I never saw a seine set kept for the herring – but I was only present for a few days each year during these last years of the herring fishery.  Nothing could sustain this waste for long.  By the late 1960’s the commercial herring for reduction was over – the herring masses were gone.  The herring fisheries literally died out for the more lucrative herring roe fishery that was yet to begin.  Every other fishery, the salmon, halibut, cod and even the inshore shellfish industry suffered from the loss of the west coast prime herring – bait fishery.  And of course, the whales, marine mammals, seabirds and eagles and coastal bears all suffered dramatically from the loss of their components of this food chain.

In the past five years, a few of the areas have seen small herring swarms return — a few hundred tonnes for an entire bay on Howe Sound or along Crescent Beach at Surrey.  This herring fishery also played an important historical role in the First Nations rations for fresh fish and roe – the reasons the herring were swarming.  We need to give the entire herring fishery a 10-year moratorium of harvesting so it might recover.  Oh, how the entire coastal fishery and the total food chain would rebound!  Can we act in such an enlightened fashion?  Or will greed still prevail?  

 So here is a success story .…….

Bald eagles are North America’s Greatest Success Story for Recovery – but for How Long?

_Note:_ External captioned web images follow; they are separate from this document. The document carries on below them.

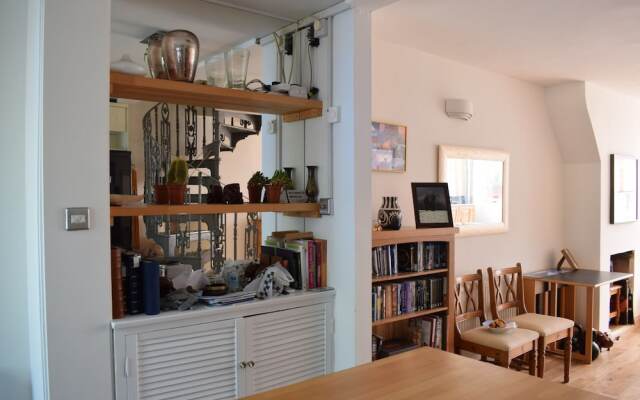 3 Bedroom House With Garden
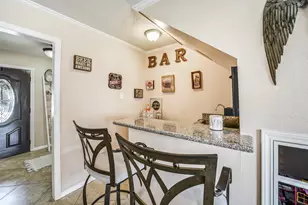 4910 Charade Dr, Houston, TX 77066 - Photo 5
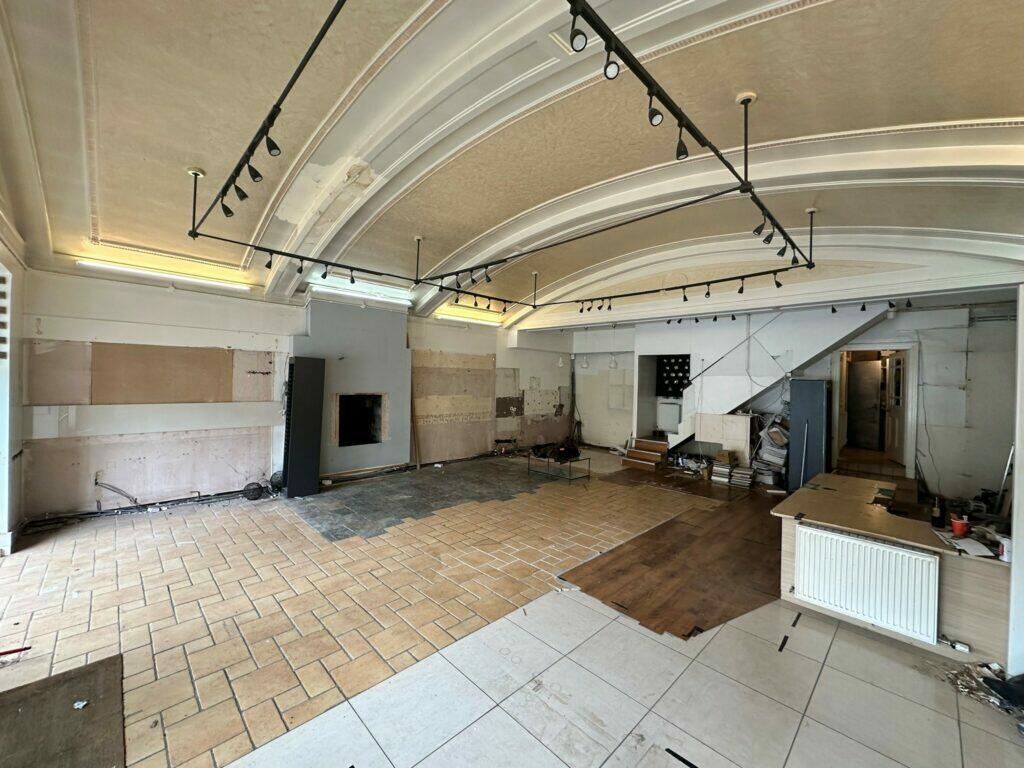 Additional image 7 of 105 – 107 Turton Road, Bradshaw, Bolton, BL2 3DX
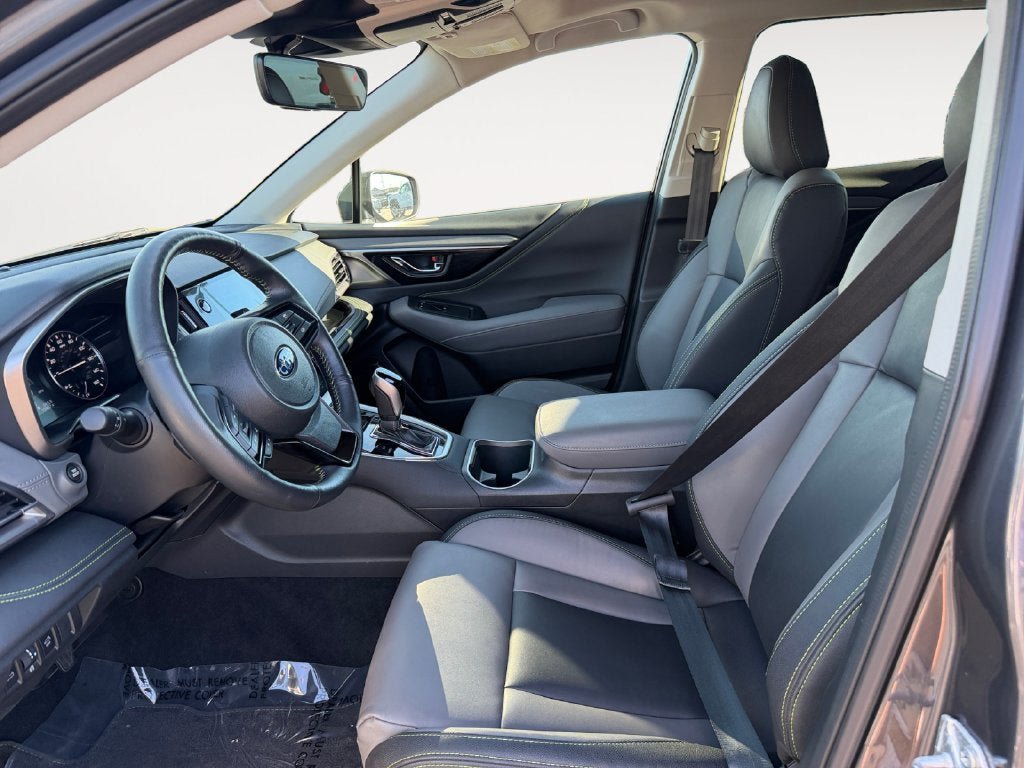 Used 2025 Subaru Outback Onyx Edition AWD/4WD image 7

Bald Eagles, rare & wild in the 1950’s, are today breeding in huge numbers, throughout Greater Vancouver and its three million humans that share this wondrous corner of Super Natural British Columbia.  Any local resident has probably seen a pair nesting in their corner park, a huge nest from the highway or fields of eagles as you drive the Fraser Valley.  During the 1950’s many of my early days were spent entering a photographic blind before light, watching for an eagle to cautiously approach sheep afterbirth 100 m away, and then I would carefully slink away well after dark, so my presence was not detected.  Eagles were rightfully cautious — they were shot and killed everywhere in North America, including British Columbia.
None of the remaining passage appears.